I have used a lot of different methods to remove rust over the years. If you want to attack the slides and hard to reach areas on a vise, I would recommend doing an immersion in liquid. Personally I don't like using abrasives as it removes good metal with the rust ( as Bill mentioned, the least damaging method). A sandblasting shop should be able to use walnut shells or baking soda which is less damaging to the metal, if you go that route.
I've used electrolysis for rust removal most commonly as it's cheap and effective. My vises have been cleaned with this method.
Evaporust is also very effective, but can be expensive to get enough to completely cover the vise. I put the smaller parts in evaporust (nuts/bolts/rings/etc)
I have had mixed results with the molasses & water technique - I've found it can take weeks and seems to be temperature dependent (has to stay warm).

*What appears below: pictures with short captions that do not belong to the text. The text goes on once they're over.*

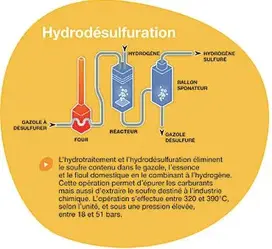 hydrodésulfuration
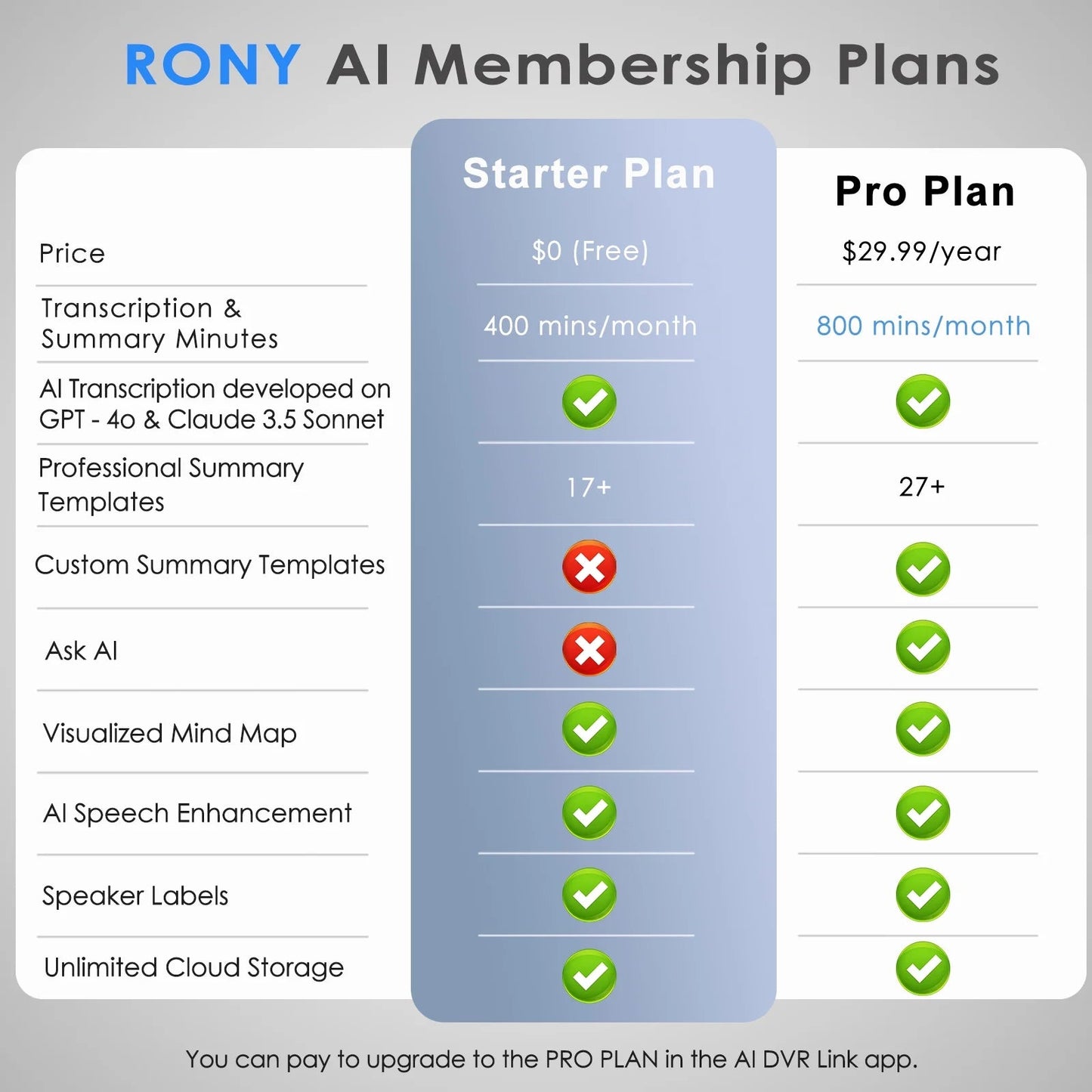 AI Voice Recorder with Transcribe, Translation, APP Control, AI Analysis Summarize for Lectures Meetings Calls, Support 100+ Languages, 64GB Memory - Techlyn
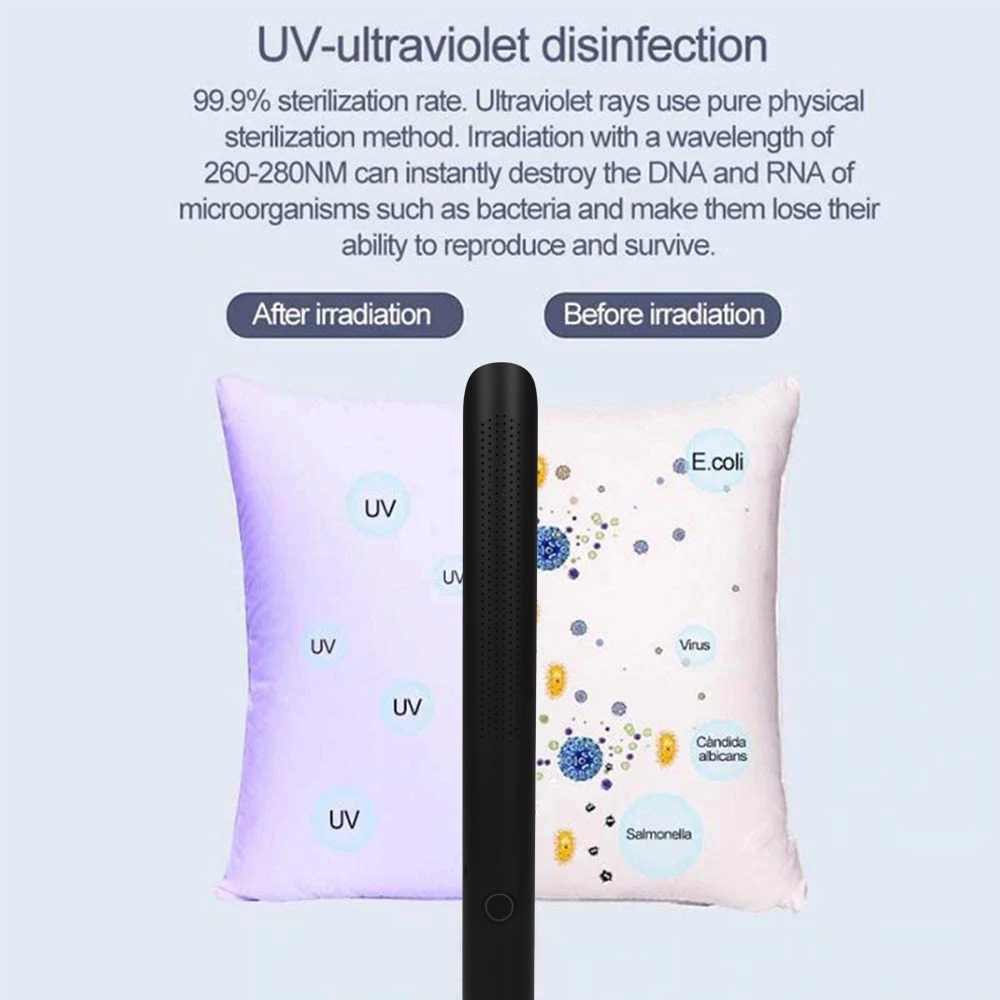 

Portable UV Light Sanitizer Wand Ultraviolet Disinfection Lamp USB Charging UVC Sterilizer Light For HomeTravel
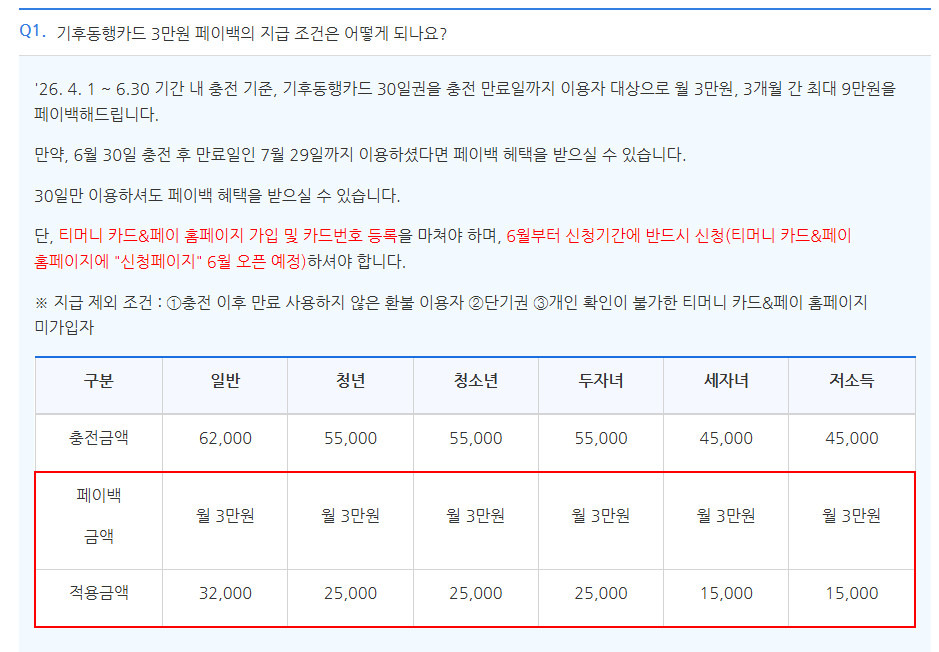 서울시-기후동행카드-월-3만원,-3개월-최대-9만원-페이백-가능-(충전-날짜-기준-공지)-0-이미지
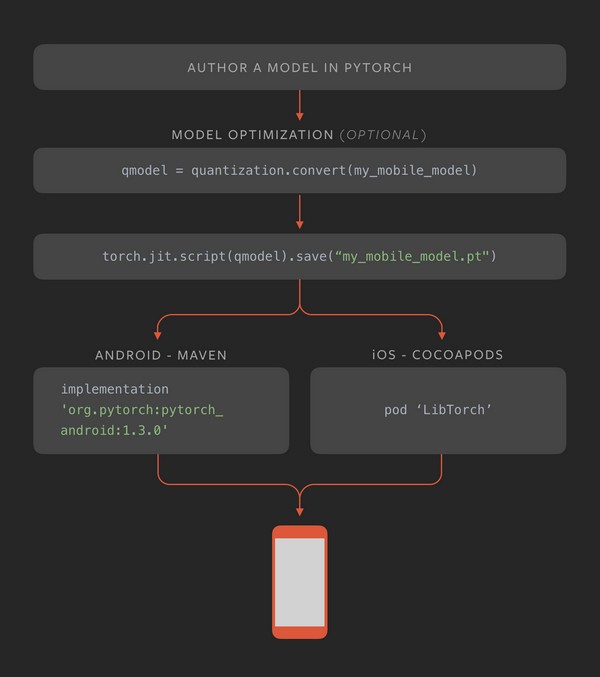 PyTorch(神經(jīng)網(wǎng)絡(luò)計(jì)算)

Citric acid & vinegar are effective, but I have also had funny results with both methods. I used to use vinegar for cleaning cast iron cookware; some pieces started to clean up within 15 minutes, other pieces had to be repeatedly soaked. I do not understand what variables seem to cause this.
I do not use hydrochloric acid anymore. I attempted to remove rust from a Miller's Falls hacksaw years ago - after an hour it had reduced most of the visible rust but unknowingly chewed the threads on all the screws to an unusable state. Some of the old timers suggested that some of the older steels were mixed with pot metal and other steel grades, making them more/less reactive than other steels used on the same tools.
After the rust removal is complete you'll have to scrub the residue off the pieces. I give stuff a good scrub and then dry everything as quickly as possible in front of a fan. You will get some flash rusting, but a wipe down with BLO will take that right off. I like Boeshield T9 spray for getting into those tight places; it will dry and seems to last longer than WD40.